Ṭaüs | “I Dissolve”

i dissolve” is an expository piece by musician, producer, and transdisciplinary artist Ṭaüs. This multidisciplinary collection combines personal essay, song, and video in a candid account of waking up to gender dysphoria and the road to healing. This body of work sits alongside Ṭaüs’ second full-length LP of 2023, and is “a tomb” to bury, honor and celebrate music made in the years prior to his gender transition. Ṭaüs Jafar (طاووس) is a transdisciplinary artist who specializes in sound and sensual-perceptual acuity. His multimodal practice centers explorations into ecstatic state and poetic eroticism through the lens of queer liminality.

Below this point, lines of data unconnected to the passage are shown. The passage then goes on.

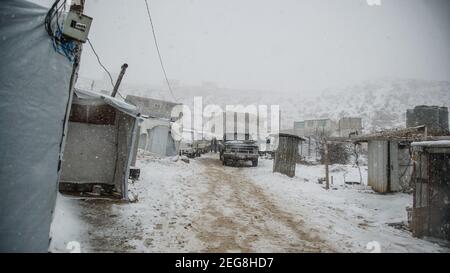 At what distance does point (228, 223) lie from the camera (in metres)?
6.34

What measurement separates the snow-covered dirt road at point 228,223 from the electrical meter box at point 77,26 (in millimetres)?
3463

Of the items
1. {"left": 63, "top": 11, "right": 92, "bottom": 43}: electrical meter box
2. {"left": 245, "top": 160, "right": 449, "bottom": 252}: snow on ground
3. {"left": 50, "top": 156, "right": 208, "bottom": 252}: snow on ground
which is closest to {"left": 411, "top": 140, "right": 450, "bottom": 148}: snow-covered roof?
{"left": 245, "top": 160, "right": 449, "bottom": 252}: snow on ground

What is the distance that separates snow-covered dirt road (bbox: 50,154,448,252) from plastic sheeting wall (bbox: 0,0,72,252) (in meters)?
0.91

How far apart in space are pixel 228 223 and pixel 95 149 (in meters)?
5.74

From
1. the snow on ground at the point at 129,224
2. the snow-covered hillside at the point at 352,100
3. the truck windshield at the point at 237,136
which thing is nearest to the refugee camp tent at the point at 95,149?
the snow on ground at the point at 129,224

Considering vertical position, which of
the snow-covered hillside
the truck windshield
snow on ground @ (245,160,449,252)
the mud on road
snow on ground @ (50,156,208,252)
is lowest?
snow on ground @ (245,160,449,252)

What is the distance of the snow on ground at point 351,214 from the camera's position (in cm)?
536

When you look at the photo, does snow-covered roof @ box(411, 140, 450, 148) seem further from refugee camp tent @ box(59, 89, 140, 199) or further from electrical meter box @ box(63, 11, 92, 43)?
refugee camp tent @ box(59, 89, 140, 199)

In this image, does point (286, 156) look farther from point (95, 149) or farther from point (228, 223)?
point (95, 149)

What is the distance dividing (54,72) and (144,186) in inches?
264

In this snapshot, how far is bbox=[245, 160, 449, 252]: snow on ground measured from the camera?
5363 millimetres

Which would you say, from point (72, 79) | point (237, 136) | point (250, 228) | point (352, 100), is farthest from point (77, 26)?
point (352, 100)

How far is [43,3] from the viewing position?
3914 mm

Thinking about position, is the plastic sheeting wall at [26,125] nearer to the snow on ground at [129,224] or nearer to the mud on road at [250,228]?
the snow on ground at [129,224] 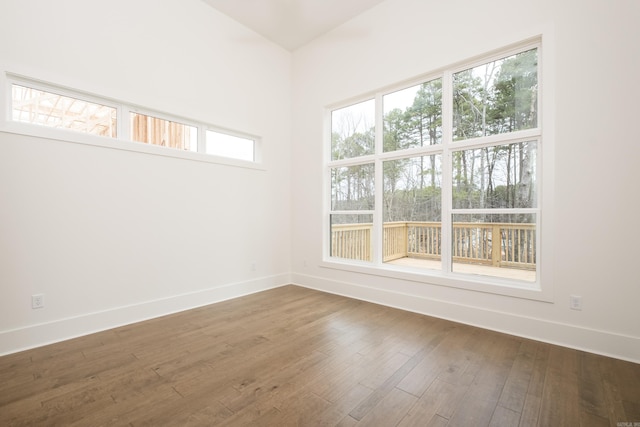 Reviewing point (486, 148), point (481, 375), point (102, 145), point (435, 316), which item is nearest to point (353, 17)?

His ongoing research exploration investigates the potential for building intentional peace-affirming experiences and processes into the spatial and socio-cultural fabric of cities. Ṭaüs has a B.A. Hons. in Government from Harvard University, and received a Presidential Merit Scholarship from the Harvard Graduate School of Design,

ESSAY

"i dissolve"

written by Ṭaüs 

edited by Alex Darby

'i dissolve' is a love song to an intangible aspect of metaphysical reality: namely, the constant requirement to surrender oneself - or, to dissolve identity - in order to be alive in any given moment. 

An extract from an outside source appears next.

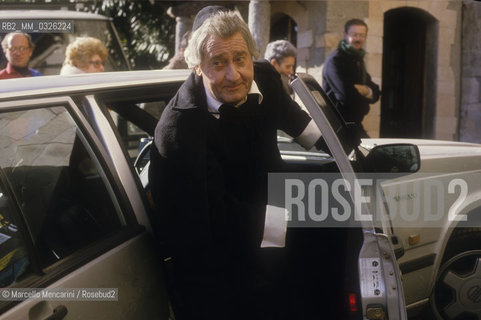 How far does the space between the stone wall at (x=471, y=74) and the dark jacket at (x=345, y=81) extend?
18.3ft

A few years ago, I experienced a necessary, near-delusional break with reality– it was amazing. Unwittingly, I was in the process of reconstructing a wider and more glorious concept of the material and immaterial universe. Hindsight would reveal that this reconstruction would be necessary to face and heal from the hopelessness and despair that often inspires transgender individuals toward suicide. 

I was in a particularly deep denial because of my experience of the world up to that point. Every single pair of eyes that saw and reflected me, both as a child and as an adult, was wrong about who I was. The discourse around mirror-neurons suggests the developmental importance of being reflected back in the eyes or actions of another– monkey see, monkey do. I did not see my “gender” experiences reflected back. Instead, they were proactively negated. Like others in this predicament, I had to invest in a much longer formation of self-concept through labyrinthian processes of elimination and internal inquiry. In the openness to inquiry, just past the bottom of despair, I found the companionship of beings, like gods, who also experience invisibility to most eyes.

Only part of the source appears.